Data section -
**********

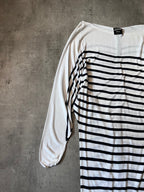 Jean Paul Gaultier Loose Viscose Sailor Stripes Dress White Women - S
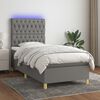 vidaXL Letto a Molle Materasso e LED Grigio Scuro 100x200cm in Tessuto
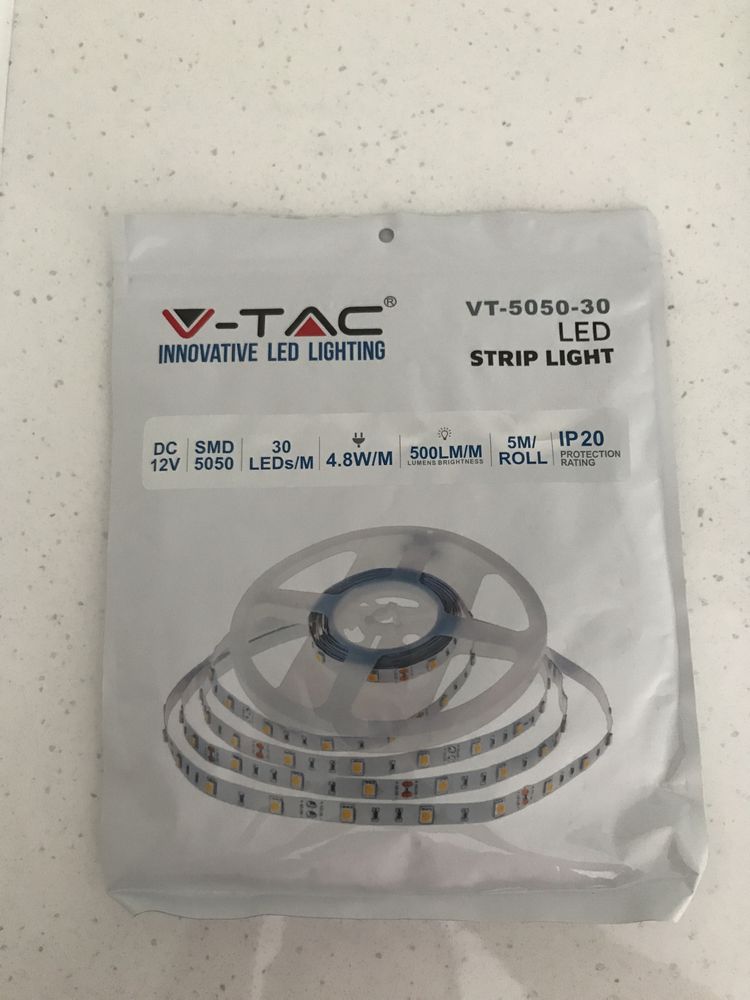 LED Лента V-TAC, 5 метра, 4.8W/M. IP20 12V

**********

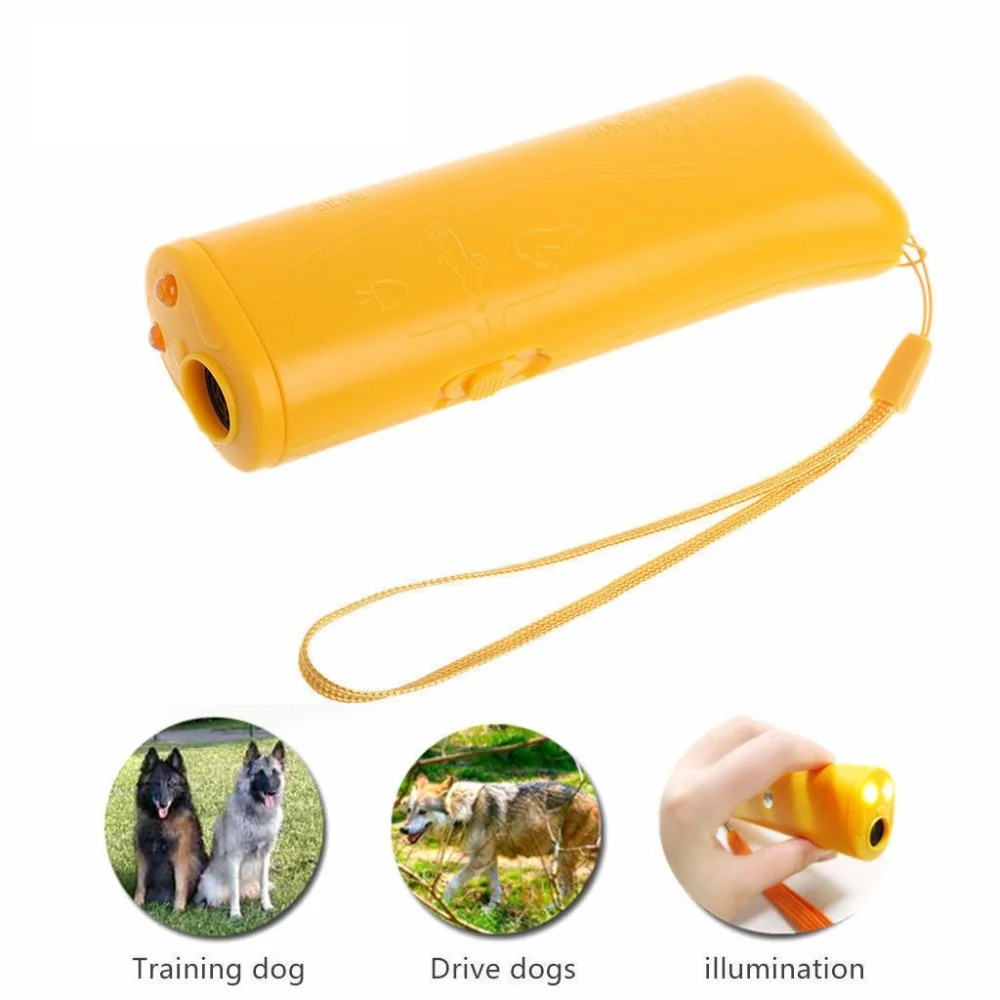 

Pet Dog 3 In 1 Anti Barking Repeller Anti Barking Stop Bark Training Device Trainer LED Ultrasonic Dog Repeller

**********

Exercise goal - Output exactly, and only, the lines of the entries above from the one with "Jean Paul Gaultier" up to and including the one with "LED Лента V-TAC, 5 метра, 4.8W/M. IP20 12V"; pictures are to be left out.

Solution -
 Jean Paul Gaultier Loose Viscose Sailor Stripes Dress White Women - S
 vidaXL Letto a Molle Materasso e LED Grigio Scuro 100x200cm in Tessuto
 LED Лента V-TAC, 5 метра, 4.8W/M. IP20 12V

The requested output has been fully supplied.